Only one stretch of the data is wanted: the line containing "a black and white", the line containing "A wooden bathtub", and every line between them, copied exactly.

[Stored records]
————————

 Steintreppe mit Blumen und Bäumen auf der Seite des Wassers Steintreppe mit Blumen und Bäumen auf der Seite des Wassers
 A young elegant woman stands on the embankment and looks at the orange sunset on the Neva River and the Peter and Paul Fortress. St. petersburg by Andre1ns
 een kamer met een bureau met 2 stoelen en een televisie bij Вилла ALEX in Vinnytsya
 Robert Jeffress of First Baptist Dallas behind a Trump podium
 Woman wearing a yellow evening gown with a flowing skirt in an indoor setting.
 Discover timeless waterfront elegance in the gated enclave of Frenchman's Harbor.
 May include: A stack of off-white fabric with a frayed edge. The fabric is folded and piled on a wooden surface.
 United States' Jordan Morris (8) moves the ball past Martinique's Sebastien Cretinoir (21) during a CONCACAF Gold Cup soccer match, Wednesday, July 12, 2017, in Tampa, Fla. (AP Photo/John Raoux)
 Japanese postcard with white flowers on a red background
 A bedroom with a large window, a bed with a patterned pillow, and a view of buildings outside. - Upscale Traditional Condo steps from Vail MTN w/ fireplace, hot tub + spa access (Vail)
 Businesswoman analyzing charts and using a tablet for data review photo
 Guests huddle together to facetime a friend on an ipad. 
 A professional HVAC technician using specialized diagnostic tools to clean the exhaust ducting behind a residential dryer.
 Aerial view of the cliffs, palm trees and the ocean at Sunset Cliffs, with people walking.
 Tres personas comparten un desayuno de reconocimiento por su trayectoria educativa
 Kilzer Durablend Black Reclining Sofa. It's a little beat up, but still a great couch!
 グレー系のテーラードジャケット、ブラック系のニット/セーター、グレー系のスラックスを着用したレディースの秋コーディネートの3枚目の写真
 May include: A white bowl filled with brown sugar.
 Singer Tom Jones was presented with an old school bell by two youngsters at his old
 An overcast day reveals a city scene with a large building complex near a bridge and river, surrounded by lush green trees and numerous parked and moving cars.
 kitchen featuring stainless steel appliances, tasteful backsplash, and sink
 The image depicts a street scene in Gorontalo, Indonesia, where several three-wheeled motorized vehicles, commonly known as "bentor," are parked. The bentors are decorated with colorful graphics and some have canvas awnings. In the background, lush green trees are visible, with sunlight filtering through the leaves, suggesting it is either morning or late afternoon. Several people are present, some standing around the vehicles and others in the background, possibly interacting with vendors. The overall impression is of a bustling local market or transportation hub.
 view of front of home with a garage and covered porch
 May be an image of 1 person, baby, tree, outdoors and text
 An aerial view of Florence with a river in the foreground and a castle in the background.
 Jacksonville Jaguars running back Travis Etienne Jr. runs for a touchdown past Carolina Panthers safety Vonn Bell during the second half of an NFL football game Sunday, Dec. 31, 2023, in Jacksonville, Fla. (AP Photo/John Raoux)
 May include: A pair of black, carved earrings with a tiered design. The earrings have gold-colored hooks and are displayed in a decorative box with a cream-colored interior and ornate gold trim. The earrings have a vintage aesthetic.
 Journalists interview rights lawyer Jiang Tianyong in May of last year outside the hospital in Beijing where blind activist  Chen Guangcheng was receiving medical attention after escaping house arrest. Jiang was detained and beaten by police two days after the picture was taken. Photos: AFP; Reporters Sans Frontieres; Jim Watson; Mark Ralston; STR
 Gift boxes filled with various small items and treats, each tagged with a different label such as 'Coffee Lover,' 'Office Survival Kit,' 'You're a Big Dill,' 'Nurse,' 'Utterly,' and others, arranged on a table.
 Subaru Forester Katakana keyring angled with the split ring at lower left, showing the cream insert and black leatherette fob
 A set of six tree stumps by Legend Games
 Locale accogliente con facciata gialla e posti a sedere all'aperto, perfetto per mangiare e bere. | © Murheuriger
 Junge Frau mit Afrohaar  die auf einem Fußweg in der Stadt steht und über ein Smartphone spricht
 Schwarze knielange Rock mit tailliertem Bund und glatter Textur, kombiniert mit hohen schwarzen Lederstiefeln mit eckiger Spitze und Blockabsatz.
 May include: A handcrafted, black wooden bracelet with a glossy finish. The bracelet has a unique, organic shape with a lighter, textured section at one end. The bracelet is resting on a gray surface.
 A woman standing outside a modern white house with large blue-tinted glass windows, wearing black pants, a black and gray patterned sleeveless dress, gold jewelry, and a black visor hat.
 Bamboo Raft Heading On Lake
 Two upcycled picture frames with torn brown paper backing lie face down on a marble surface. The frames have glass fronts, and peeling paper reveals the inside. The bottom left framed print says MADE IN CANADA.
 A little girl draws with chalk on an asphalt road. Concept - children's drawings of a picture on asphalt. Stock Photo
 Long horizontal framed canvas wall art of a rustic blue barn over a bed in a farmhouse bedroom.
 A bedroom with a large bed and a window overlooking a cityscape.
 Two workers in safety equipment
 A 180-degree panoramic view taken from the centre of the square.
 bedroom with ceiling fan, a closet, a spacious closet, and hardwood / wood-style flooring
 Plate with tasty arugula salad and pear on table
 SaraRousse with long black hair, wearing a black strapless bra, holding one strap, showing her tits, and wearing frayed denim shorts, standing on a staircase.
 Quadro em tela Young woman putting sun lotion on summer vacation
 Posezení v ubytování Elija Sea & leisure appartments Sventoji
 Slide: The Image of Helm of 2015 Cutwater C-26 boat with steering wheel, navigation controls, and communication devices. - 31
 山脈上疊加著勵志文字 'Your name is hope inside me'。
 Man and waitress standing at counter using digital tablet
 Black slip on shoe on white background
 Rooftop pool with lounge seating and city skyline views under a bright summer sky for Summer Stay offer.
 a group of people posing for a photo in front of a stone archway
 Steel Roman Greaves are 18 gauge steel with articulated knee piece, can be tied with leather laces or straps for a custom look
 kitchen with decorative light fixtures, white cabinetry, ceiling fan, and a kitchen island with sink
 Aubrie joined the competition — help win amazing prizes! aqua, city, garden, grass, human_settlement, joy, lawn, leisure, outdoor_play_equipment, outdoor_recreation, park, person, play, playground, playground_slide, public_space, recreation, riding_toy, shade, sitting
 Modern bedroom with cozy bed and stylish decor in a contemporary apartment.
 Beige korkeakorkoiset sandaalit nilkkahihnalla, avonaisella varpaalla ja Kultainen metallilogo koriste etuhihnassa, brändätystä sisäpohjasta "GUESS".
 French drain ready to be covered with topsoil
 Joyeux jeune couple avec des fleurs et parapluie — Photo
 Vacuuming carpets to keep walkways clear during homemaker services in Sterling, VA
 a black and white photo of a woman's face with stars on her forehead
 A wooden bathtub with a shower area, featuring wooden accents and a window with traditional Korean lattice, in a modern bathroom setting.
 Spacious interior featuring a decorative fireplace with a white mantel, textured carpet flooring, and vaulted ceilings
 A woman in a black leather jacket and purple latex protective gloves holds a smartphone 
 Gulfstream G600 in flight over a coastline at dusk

————————

**Response**
 a black and white photo of a woman's face with stars on her forehead
 A wooden bathtub with a shower area, featuring wooden accents and a window with traditional Korean lattice, in a modern bathroom setting.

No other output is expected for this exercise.